Jestem zagorzałą wyznawczynią zasady: jeden problem to nie problem, sto
problemów, to jest problem i jak na razie moje życie układa się całkiem dobrze.
Gdybym mogła okrzyknęłabym się największą marudą świata, ale obawiam się, że
tym tytułem odstraszałabym od siebie ludzi, a wbrew pozorom, bardzo ich lubię.

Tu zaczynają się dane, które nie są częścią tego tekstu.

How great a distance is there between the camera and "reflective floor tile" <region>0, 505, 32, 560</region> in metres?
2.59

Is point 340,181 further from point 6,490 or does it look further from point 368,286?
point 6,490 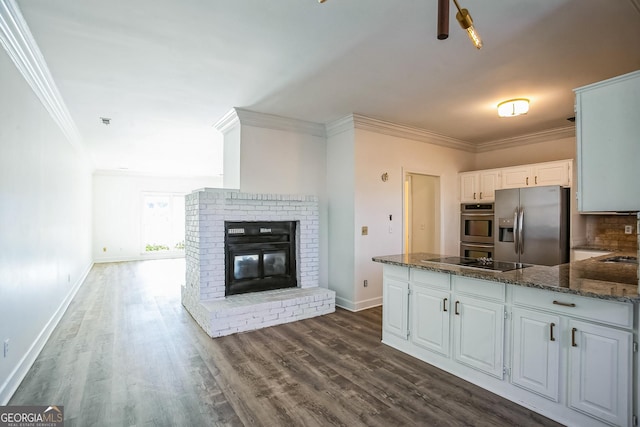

Ciebie też, mój drogi czytelniku.
Przejdźmy teraz do
nieco abstrakcyjnej opinii o mnie. Zatem najbliżsi od zawsze uważali, że jestem
zamknięta w sobie i choć bardzo lubię ich słuchać i zawsze służę radą, o sobie
mówię niewiele. Nie sądzę by mieli rację, bo zawsze mówię otwarcie co myślę i
czasami serio nie oszczędzam w słowach. To kolejna moja wada, ale tę możemy
pominąć bo jak mnie poznasz, na pewno się o tym przekonasz. Jestem po prostu
szczera i tyle. Bliscy mówią, że jestem zbyt naiwna, bo wierzę, że każdemu da
się pomóc, ale przecież wystarczy odrobina chęci i działanie, a nie siedzenia i
użalanie się nad własnym losem. Podobno chodzę wiecznie uśmiechnięta i nie
miewam gorszych dni. Kolejna bzdura. Już mówiłam, że jestem cholernie uparta, i
myślę, że wszystko wiem najlepiej? Jeśli nie, to mówię teraz. Zresztą jeśli
dotrwałeś aż dotąd drogi czytelniku, już zdążyłeś się o tym przekonać. Przejdźmy dalej. Wszyscy moi znajomi uważają, że nie potrafię przyznać się do błędu, osobiście uważam, że zwyczajnie takowych nie popełniam, zatem do czego mam się przyznawać? Dobra, żartowałam. Mam zdolności do pakowania się w kłopoty, ale zawsze jako tako wykaraskam się z opresji. Twierdze, że z każdym, nawet największym problemem, poradzę sobie sama, jednak bliscy uważają, że jedynie zgrywam twardą, a w głębi duszy jestem delikatna jak płatek śniegu. W to im nie wierz drogi czytelniku, ja tylko powtarzam Ci ich słowa.
W sumie mówią jeszcze parę ciekawych jak i mniej interesujących rzeczy, ale resztę pozostawię dla siebie żeby Ci się procesor nie przegrzał.